HISTORY

OF

SONATINA

Sonatina camp has a deep history. In 1969, Rosamond and Rein van der Linde [1929-1996] searched for a summer piano camp for their children but could not find one. Summer Sonatina began when they decided to create a camp of their own.

 

The first Summer Sonatina camps were held in the 12-room van der Linde home in North Bennington, Vermont. The camp soon grew to 10 boarders. The van der Lindes bought more pianos, squeezing them into the basement next to the washer and dryer, perching them in the attic, stuffing them into the garage and, in fact, anywhere they could find a place! Music seemed to flow from the rafters.

 

The van der Lindes moved to a large gray mansion in Old Bennington in 1978 just in time for Opus 9 (the ninth season). The Sonata/Summer Sonatina's new home, which is on the National Register of Historic Buildings, was built in 1895 by Admiral W. L. Field on two beautiful acres with views of the mountains. The Old First Church, the Bennington Museum, the Walloomsac Inn and the Bennington Battle Monument are the closest of local historic sites, all within easy walking distance.

 

By then, enthusiastic parents of Summer Sonatina campers practically begged for a program of their own — a place where they could immerse themselves in piano study and benefit from great camaraderie with other just-as-full-of-passion-for-piano adult participants. Winter Sonata began in 1979. Other Sonata programs have been added over the years to accommodate the ever-increasing number of eager participants.

 

In 1991, the directorship of the Sonatas and Summer Sonatina was handed over to Polly, the eldest van der Linde daughter. The Sonata/Summer Sonatina faculty has continued to support an extended family atmosphere — pianists gathered together and committed to carry on the musical tradition of the van der Linde family.

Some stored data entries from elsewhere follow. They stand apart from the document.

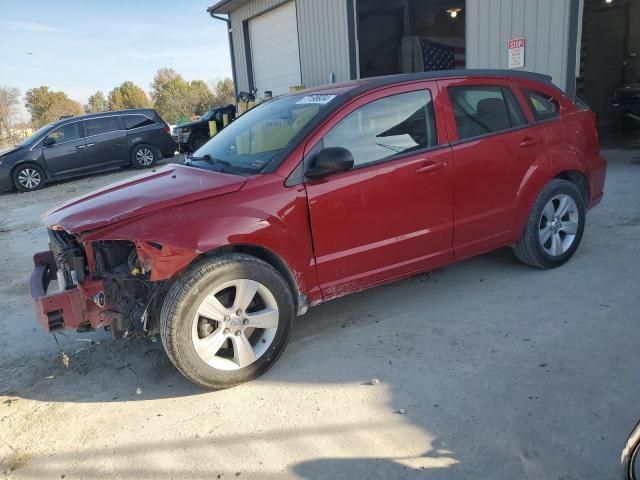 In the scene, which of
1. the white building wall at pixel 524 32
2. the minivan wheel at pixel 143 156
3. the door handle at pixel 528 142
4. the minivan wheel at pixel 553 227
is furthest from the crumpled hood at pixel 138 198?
the minivan wheel at pixel 143 156

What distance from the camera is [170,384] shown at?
3.28 m

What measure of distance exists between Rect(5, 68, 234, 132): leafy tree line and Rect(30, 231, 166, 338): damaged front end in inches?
1957

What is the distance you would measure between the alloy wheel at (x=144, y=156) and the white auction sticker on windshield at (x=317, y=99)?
36.4 ft

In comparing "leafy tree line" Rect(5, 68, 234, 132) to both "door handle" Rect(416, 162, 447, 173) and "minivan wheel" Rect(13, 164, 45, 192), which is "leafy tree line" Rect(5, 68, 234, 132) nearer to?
"minivan wheel" Rect(13, 164, 45, 192)

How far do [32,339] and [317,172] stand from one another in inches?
102

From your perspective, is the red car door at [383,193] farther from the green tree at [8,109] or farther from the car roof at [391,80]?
the green tree at [8,109]

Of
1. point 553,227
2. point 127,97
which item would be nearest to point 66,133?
point 553,227

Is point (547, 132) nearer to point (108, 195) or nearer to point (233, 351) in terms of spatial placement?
point (233, 351)

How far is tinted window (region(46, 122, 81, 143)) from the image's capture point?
12758 mm

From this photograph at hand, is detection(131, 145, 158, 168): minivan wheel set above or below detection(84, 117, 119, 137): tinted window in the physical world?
below

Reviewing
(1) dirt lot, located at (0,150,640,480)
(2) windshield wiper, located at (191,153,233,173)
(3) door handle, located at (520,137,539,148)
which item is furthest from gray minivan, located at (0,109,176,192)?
(3) door handle, located at (520,137,539,148)

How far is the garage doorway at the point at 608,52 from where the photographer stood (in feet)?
49.8

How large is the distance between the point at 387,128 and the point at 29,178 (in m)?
11.5

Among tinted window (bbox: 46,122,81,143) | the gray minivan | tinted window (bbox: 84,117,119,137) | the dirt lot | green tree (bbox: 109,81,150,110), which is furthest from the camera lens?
green tree (bbox: 109,81,150,110) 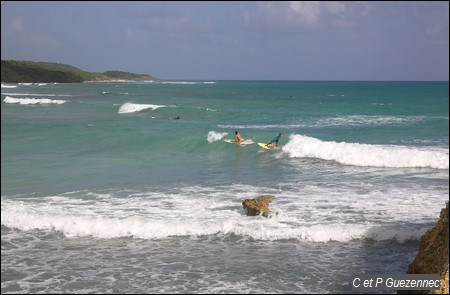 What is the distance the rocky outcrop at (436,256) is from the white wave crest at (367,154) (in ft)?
42.5

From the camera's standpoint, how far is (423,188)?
14.7 m

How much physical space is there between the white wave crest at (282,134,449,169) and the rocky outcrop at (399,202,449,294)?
42.5 ft

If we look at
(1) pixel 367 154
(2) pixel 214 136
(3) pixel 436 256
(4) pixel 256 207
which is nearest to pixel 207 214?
(4) pixel 256 207

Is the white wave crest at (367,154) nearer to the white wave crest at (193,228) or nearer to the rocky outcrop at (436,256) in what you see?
the white wave crest at (193,228)

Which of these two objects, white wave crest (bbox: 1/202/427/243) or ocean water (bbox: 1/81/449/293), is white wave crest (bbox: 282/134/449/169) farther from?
white wave crest (bbox: 1/202/427/243)

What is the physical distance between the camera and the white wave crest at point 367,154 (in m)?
19.1

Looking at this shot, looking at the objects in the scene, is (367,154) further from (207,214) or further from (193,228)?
(193,228)

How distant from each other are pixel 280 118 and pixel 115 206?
29.8m

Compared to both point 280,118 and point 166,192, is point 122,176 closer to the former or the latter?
point 166,192

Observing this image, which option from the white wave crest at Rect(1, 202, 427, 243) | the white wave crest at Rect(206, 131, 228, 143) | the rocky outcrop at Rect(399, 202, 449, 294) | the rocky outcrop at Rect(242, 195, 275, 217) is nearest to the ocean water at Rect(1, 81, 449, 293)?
the white wave crest at Rect(1, 202, 427, 243)

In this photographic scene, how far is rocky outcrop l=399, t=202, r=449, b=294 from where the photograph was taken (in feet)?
19.8

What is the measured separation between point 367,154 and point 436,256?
1453cm

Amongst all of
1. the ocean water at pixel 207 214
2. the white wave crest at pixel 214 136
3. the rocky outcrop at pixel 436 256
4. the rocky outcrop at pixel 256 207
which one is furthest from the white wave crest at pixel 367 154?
the rocky outcrop at pixel 436 256

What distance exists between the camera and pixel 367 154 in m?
20.5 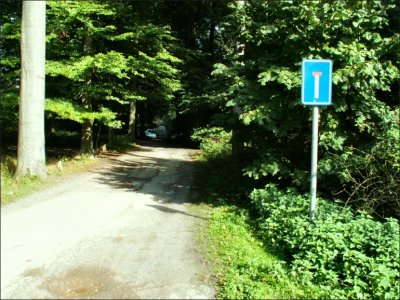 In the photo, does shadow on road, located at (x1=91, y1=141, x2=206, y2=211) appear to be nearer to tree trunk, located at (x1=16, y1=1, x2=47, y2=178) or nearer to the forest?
the forest

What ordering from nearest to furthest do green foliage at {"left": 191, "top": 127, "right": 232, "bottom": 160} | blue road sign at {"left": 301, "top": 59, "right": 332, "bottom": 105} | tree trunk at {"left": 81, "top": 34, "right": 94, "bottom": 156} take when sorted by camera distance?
blue road sign at {"left": 301, "top": 59, "right": 332, "bottom": 105} < tree trunk at {"left": 81, "top": 34, "right": 94, "bottom": 156} < green foliage at {"left": 191, "top": 127, "right": 232, "bottom": 160}

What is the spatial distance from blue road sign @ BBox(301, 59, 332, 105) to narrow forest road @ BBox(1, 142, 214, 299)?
2887mm

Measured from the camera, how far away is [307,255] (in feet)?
18.5

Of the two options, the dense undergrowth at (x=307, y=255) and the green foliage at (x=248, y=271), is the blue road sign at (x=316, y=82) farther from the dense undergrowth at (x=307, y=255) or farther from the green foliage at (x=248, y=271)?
the green foliage at (x=248, y=271)

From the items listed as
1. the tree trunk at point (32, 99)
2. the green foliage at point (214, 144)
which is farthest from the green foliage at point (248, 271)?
the green foliage at point (214, 144)

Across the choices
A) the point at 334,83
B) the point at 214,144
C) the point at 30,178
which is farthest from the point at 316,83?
the point at 214,144

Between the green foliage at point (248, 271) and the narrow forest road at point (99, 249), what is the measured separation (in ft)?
0.88

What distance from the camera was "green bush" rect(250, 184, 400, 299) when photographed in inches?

Noah Adams, a host on National Public Radio, attended the Autumn Sonata 1994. He subsequently wrote a book (much to our surprise!) on his experience learning the piano throughout the year. Autumn Sonata is featured in the chapter “October” of the book entitled “Piano Lessons: Music, Love and True Adventures.”

 

The September 2002 and August 2003 Sonatas were both portrayed in the media. Participant, Katie Hafner, wrote a piece which appeared in the December 22, 2002 Travel Section of the New York Times detailing the day-to-day activities of the Sonata. Then Beth Nissen and her filming crew observed the August 2003 Sonata for a day. Their work was featured on CNN’s NewsNight with Aaron Brown on August 29, 2003. In 2006, The Intermezzo Experience was introduced.

 

Summer Sonatina has appeared in Seventeen, Vermont Life, Stratton magazine, Vermont Public Radio, WBTN, Bennington Banner, Times Union (Albany), and has aired on PM Magazine (WGY). In 1989 it was featured on Vermont Educational Television’s “Crossroads” and the April 2004 edition of Yankee Magazine included an article on Summer Sonatina. Various music magazines have also published articles on Sonata/Sonatina.